The answer must consist only of the lines in the records below from the line with "Roseate spoonbills and wood stork" to the line with "Can you plant", both included, copied word for word with every picture left out.

#### Recorded data

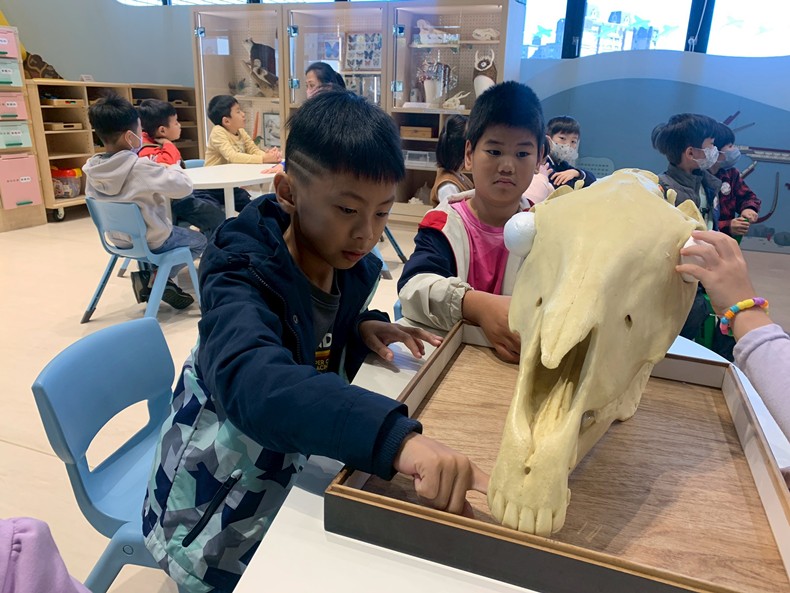 馬到成功話馬年(1/28)-圖片2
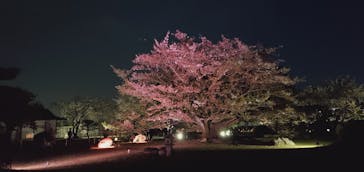 姫路城（イベント）に投稿された画像（2021/4/14）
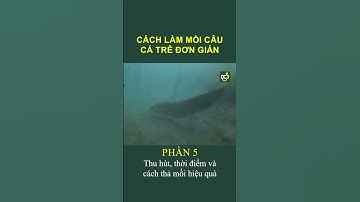 Phần 5 Một Số Mẹo Câu Cá Trê Thành Công Bạn Không Thể Bỏ Qua | 5 Cách Làm Mồi Câu Trê Độc Lạ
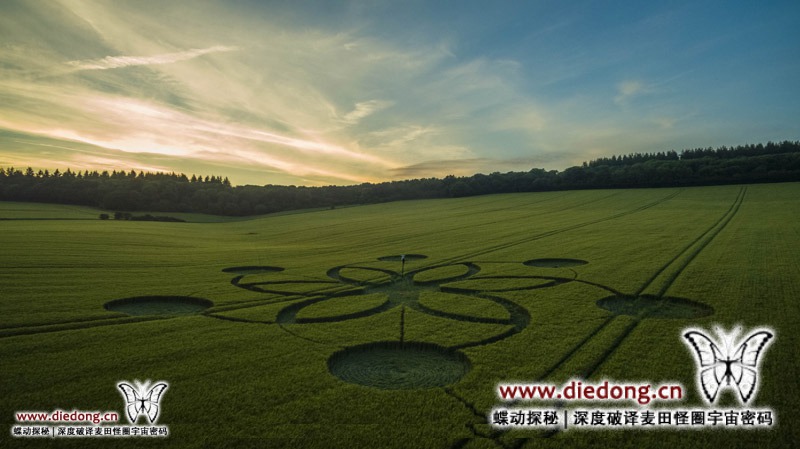 2017年5月30日英国Fonthill Down麦田怪圈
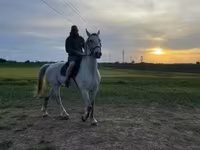 公马, Lipizzaner — 照片 1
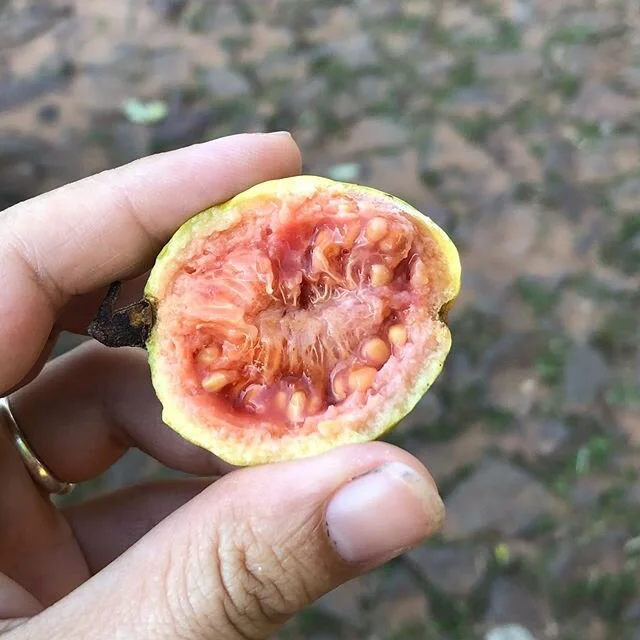 Guava on a hot cobblestone road. At this point in the summer the ground is so hot (especially the sidewalk and asphalt) that any fallen guavas bake in the sun and make the whole block smell like &ldquo;dulce de guayaba&rdquo; (guava jam). Much more p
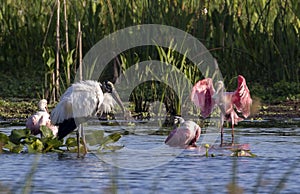 Roseate spoonbills and wood stork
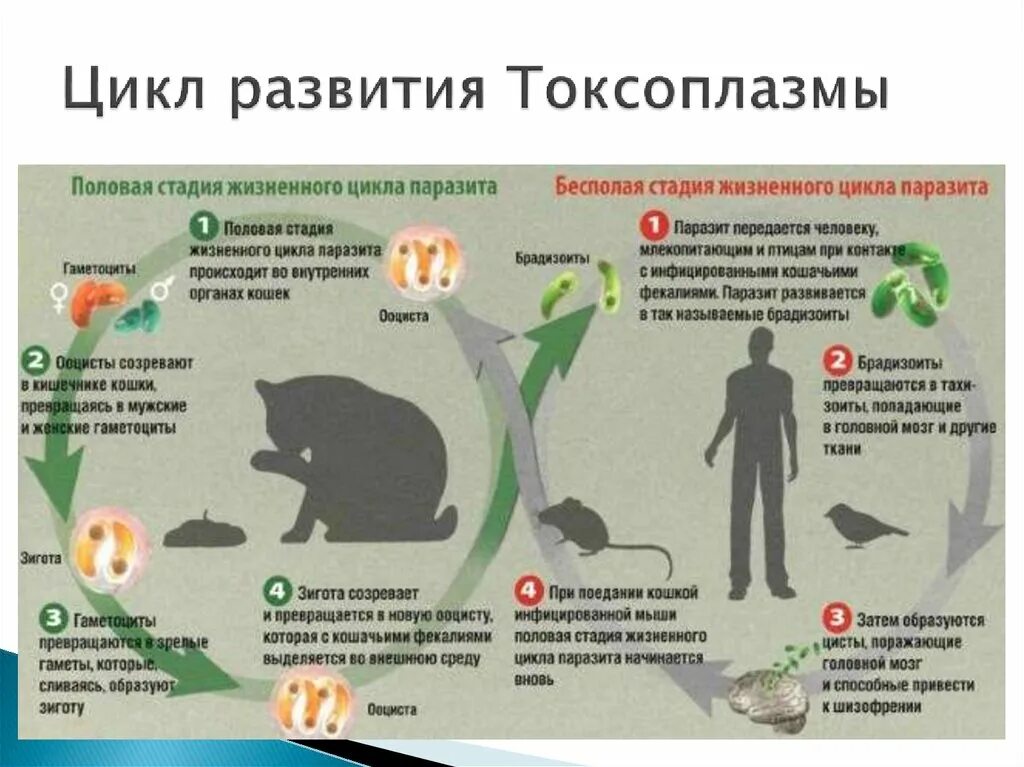 Токсоплазмоз кошек жизненный цикл. Токсоплазмоз цикл развития схема. Токсоплазма жизненный цикл схема. Токсоплазма цикл развития схема.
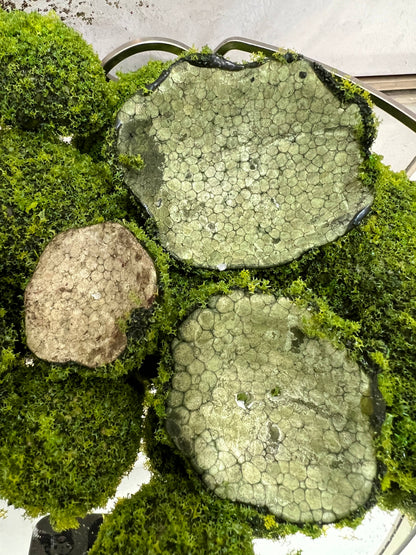 Artificial Petite Moss Dome Set
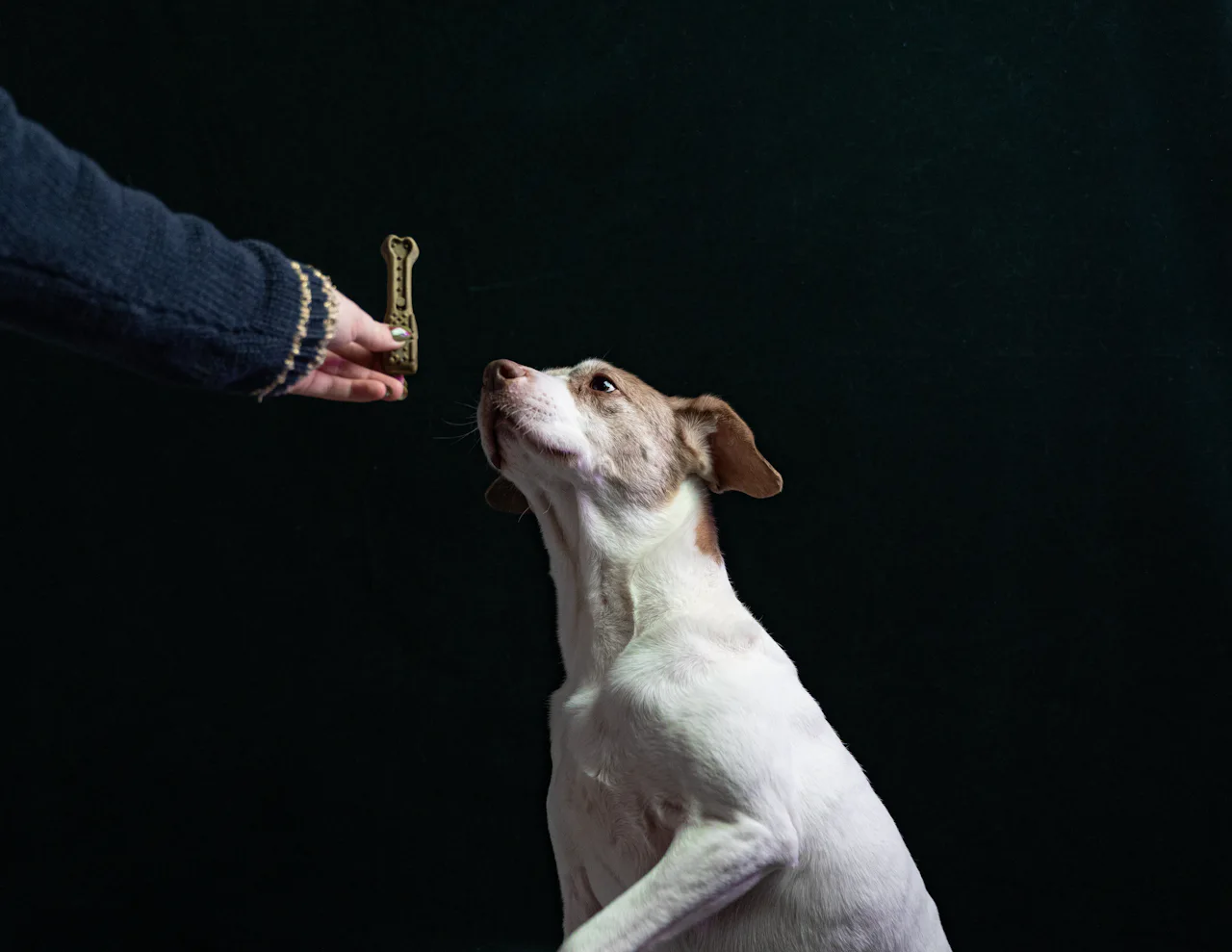 A white and tan dog sitting politely, looking up at a treat held in its owner’s hand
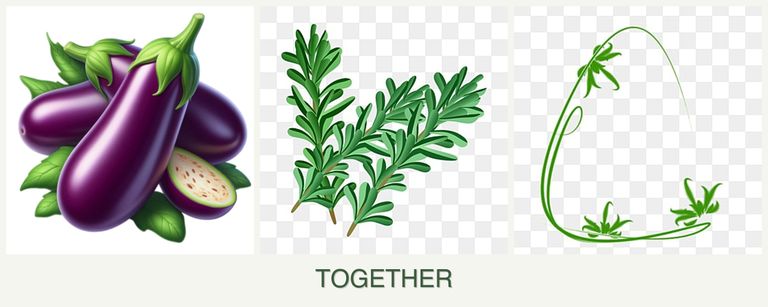 Can you plant eggplant, rosemary and tarragon together?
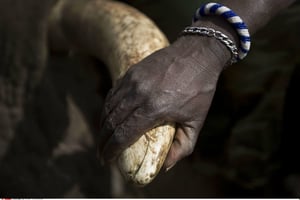Le braconnage servirait à financer un groupe séparatiste, selon le gouvernement kényan. © Ben Curtis/AP/SIPA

########

• _Exercise result_
 Roseate spoonbills and wood stork
 Токсоплазмоз кошек жизненный цикл. Токсоплазмоз цикл развития схема. Токсоплазма жизненный цикл схема. Токсоплазма цикл развития схема.
 Artificial Petite Moss Dome Set
 A white and tan dog sitting politely, looking up at a treat held in its owner’s hand
 Can you plant eggplant, rosemary and tarragon together?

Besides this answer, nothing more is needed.